Foi uma experiência curta: uma passada no mercado para suprir as últimas pendências da noite de Natal. Curta e esclarecedora. Esclarecedora porque o texto do estadunidense, que ora circula na internet(1), desancando o caráter do brasileiro ainda estava bem vivo na minha memória, afinal o lera na manhã desse mesmo dia. Lá é dito que os brasileiros, grosso modo, são maus-caracteres porque sempre querem levar vantagem em tudo (como não lembrar a famosa propaganda do cigarro Vila Rica de 1976(2) e a lei de Gérson: “Gosto de levar vantagem em tudo, certo?”).

Pois nessa curta passada no mercado pude presenciar a riqueza daquilo que é proposto pelo texto do gringo: todos somos espertos demais.
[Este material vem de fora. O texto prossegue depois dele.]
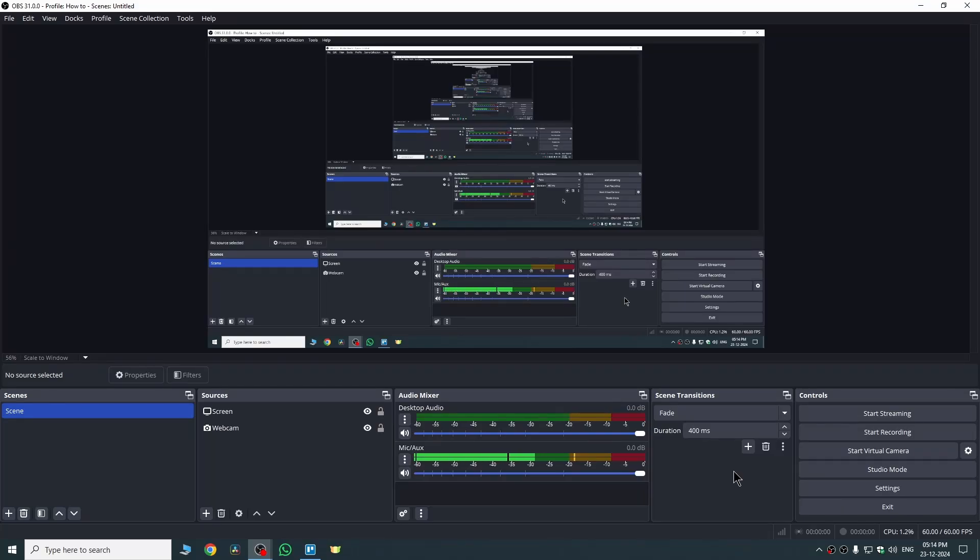Hi guys, in this video I'll show you how to pause recording in OBS Studio. If this video helps you, please consider subscribing to my YouTube channel and liking the video. There are actually three ways which you can try.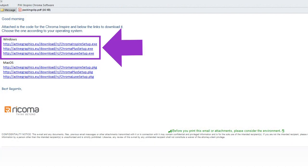To download Chroma for Windows, open the email that includes the link required to download the software. Click the link that corresponds with the tier of the software that you purchased and your operating system. The program should then download automatically.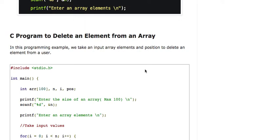In this tutorial we are going to talk about how to delete an element from an array. In my previous tutorial we discussed how to insert an element in an array, and the link will be mentioned in the description box. In this tutorial we discuss how to delete an element from an array at a specified position.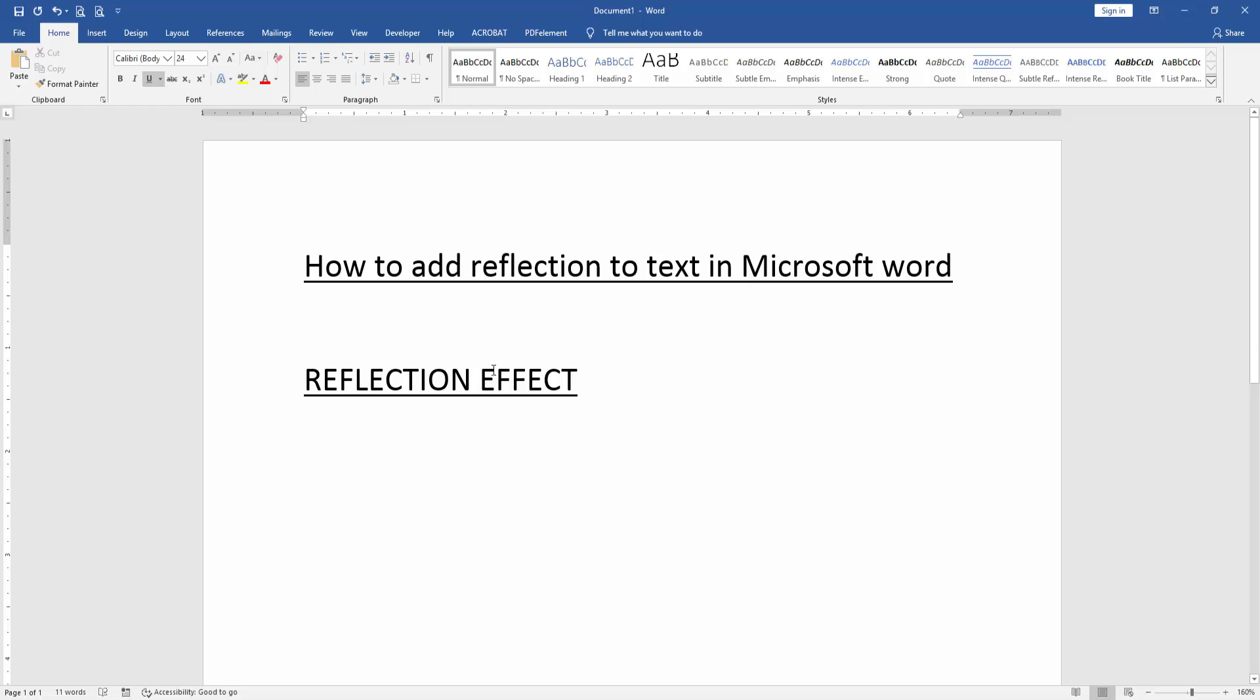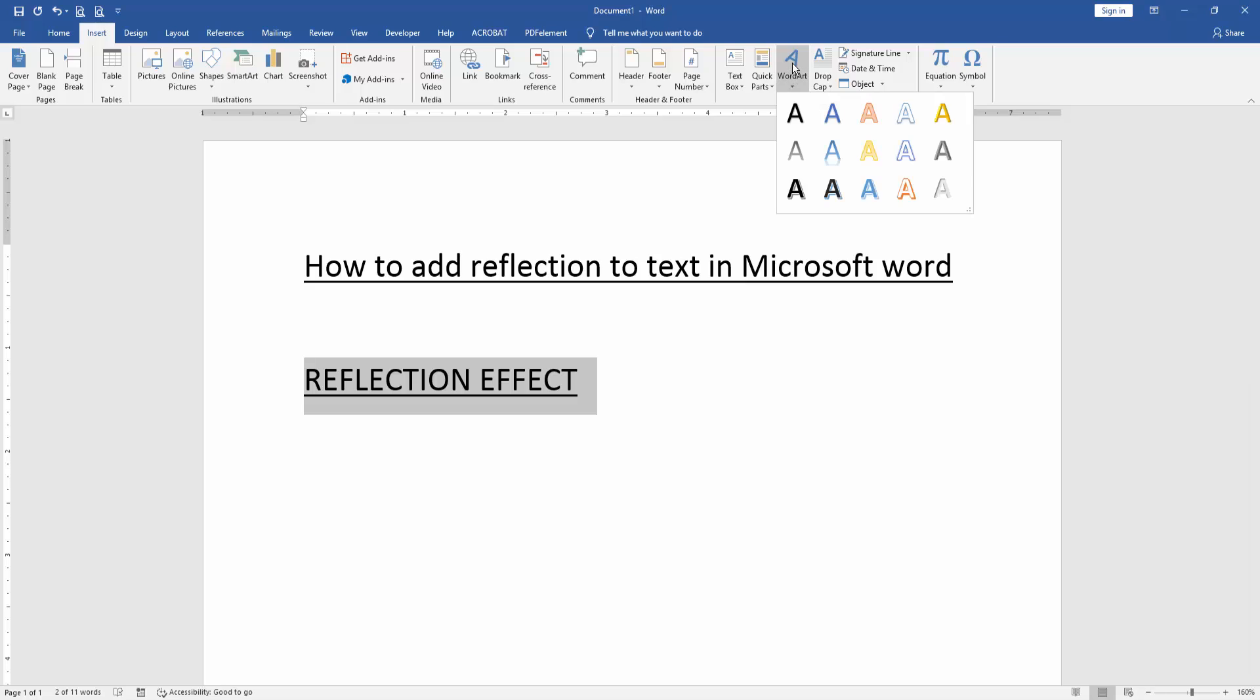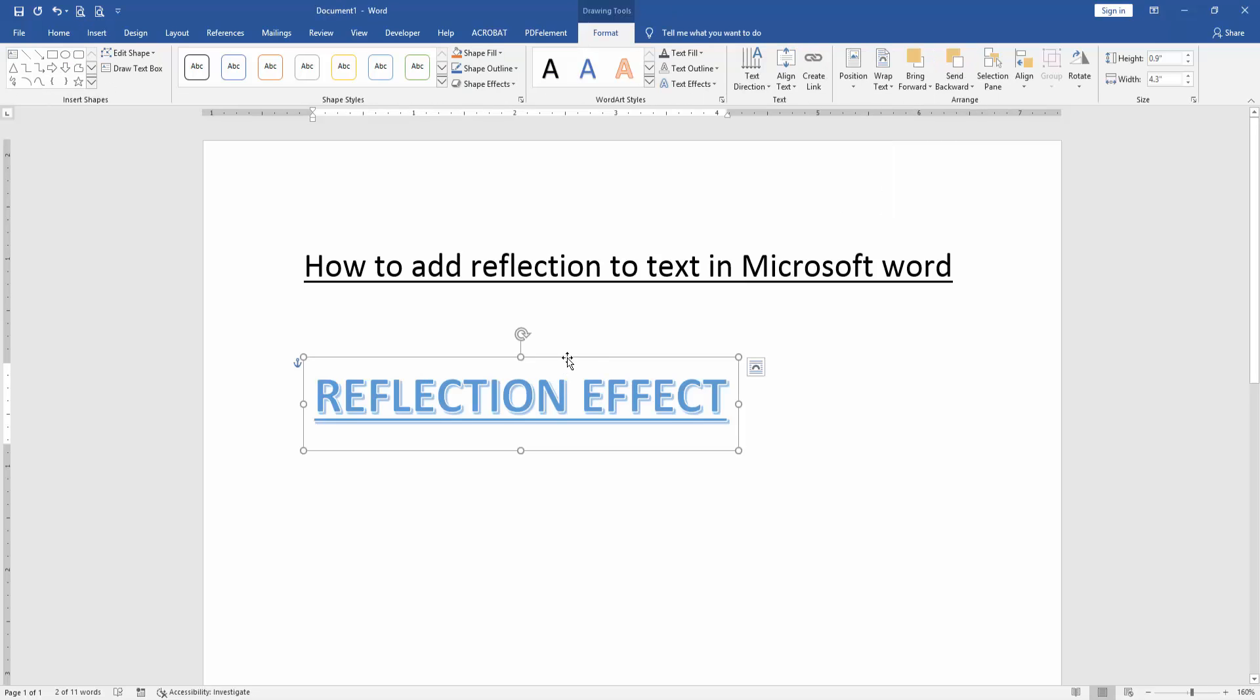Then select the text and go to the insert menu. Then click word art drop down menu and choose any word art. Now I select the word art.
Esperto como sinônimo de mau-caráter.

Os fatos:
1. Óbvio que o mercado estava lotado, e tolo seria aquele que, como eu, escolhera “dar uma passadinha” por lá na antevéspera do Natal. As filas dos caixas davam voltas pelo perímetro interno do imenso mercado. Como comprei poucos itens, escolhi a fila de pequenas quantidades, com vários caixas, supostamente criada para agilizar as pequenas compras. O casal atrás de mim na fila encontrou algum parente e o chamou para ficar ao seu lado, não obstante a fila estar imensa. Conversa vai, conversa vem, e a fila já tinha um novo integrante, que a alcançou já pela metade. Os que atrás estavam, problema deles, pois não passavam de otários...

2. Observei, enquanto aguardava as longas dezenas de minutos na fila, que havia várias embalagens abertas encostadas pelo percurso. Embalagens de uvas, de passas, de salgadinhos etc. Ou seja, algumas pessoas abriam as embalagens expostas nas gôndolas, consumiam parte do seu conteúdo e as largavam sem deixar rastros. E sem pagar, é óbvio, afinal não somos otários e queremos levar vantagem em tudo, certo?
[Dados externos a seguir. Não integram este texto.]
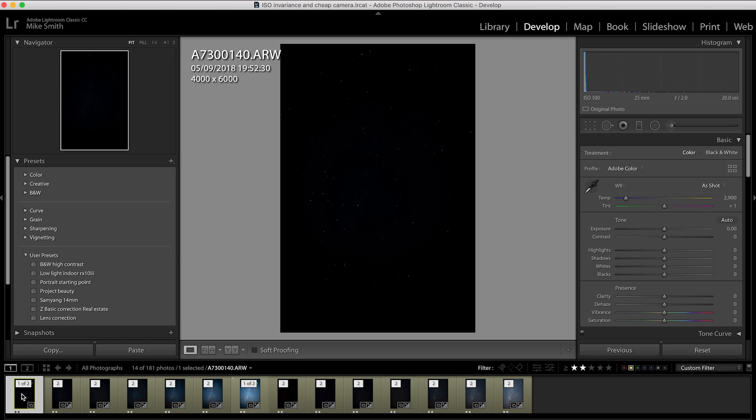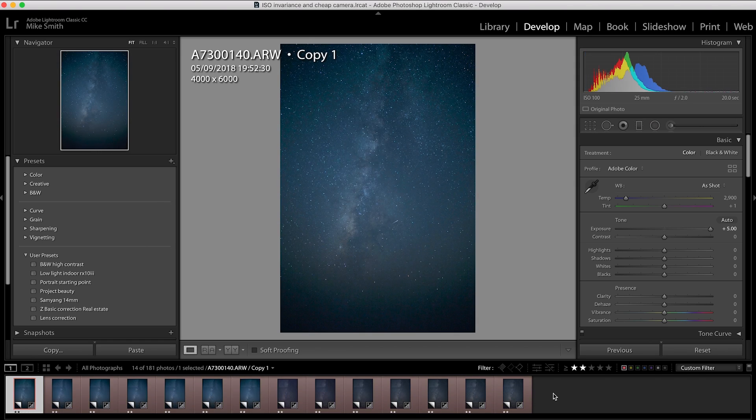As not all cameras are equal, you'll have a signal-to-noise ratio. Some cameras have better signal-to-noise ratios; others have worse. Also, some cameras have ISO invariant sensors. If you're not sure about ISO invariance, click on the i in the corner — this will take you to another of my videos.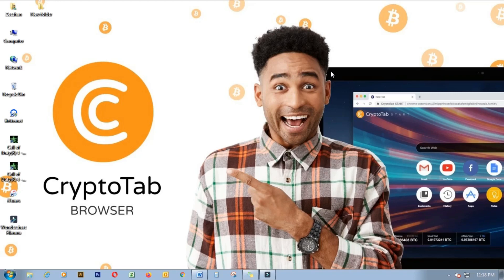Hello YouTube, good evening and welcome to another video. I am Zishan, and today I am going to show you the easiest and simplest way to mine and withdraw Bitcoin while at home.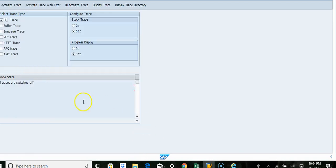Or any Z transaction you are trying to execute, you want to see what is happening or RFC calls being made within the transfer. So that's the one you want to trace.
3. Há um aviso indicando que aquela fila seria exclusiva para compras até 30 itens. Até aí morreu o Neves, pois desde quando o brasileiro respeitaria mesmo essa tolice? Um casal de idade madura, com dois carrinhos de mercado lotados de compras – provavelmente a compra do mês –, e sem nenhum constrangimento aparente, ocupou um dos caixas para pagá-las. A atendente do caixa chegou a levar uma bronca, provavelmente de sua supervisora, por conta do tempo excessivo com um único cliente, já que aqueles caixas seriam para atendimento rápido. Seriam num país civilizado, não para brasileiros sempre dispostos a fazer os outros de otários...

4. Mas a esperteza, ou falta de caráter mesmo, não é apenas do cliente, pois apesar de o mercado estar lotado, o que seria previsível pela proximidade da data natalina, vários caixas vazios, contei pelo menos 10, ilustravam com precisão que o empresário também quer levar vantagem em tudo, certo? E o cliente que se estresse nas longas filas, afinal ele é otário mesmo...

5. Ao sair, encontro um carro estacionado exatamente atrás do meu. O motorista em pé ao lado do seu veículo nem sequer esboçou reação de retirá-lo. Tive que fazer manobras para conseguir sair com meu carro. Imagino o que ele pensava enquanto eu manobrava naquele espaço exíguo: ”vai otário, daqui não saio”...

Talvez tenha visto até outras barbaridades como as aqui relatadas, mas a nossa intransigência com a falta de caráter já está tão esgarçada que imagino que muitas outras situações tenham passado sem serem percebidas.

É, somos mesmo um povo de merda! E o gringo tem toda razão em gritar para o mundo: viver no Brasil é um inferno e o seu povinho é uma desgraça!

Somos assim. E é por essas observações breves que entendo o tipo de representantes políticos que temos. O deputado, o senador, o vereador e o prefeito não são bandidos porque são políticos, são bandidos porque nós somos todos bandidos, nós somos espertos e todos os outros são os otários a serem trapaceados. Triste sina de um povinho mequetrefe...

Referências:
(1) http://www.geledes.org.br/em-debate/colunistas/22479-americano-cria-lista-de-motivos-pelos-quais-odiou-ter-morado-no-brasil#at_pco=smlre-1.0&at_tot=4&at_ab=per-3&at_pos=0
(2) http://pt.wikipedia.org/wiki/Lei_de_G%C3%A9rson
Foto: os muitos caixas sem operação e, no detalhe, uma embalagem de uva aberta.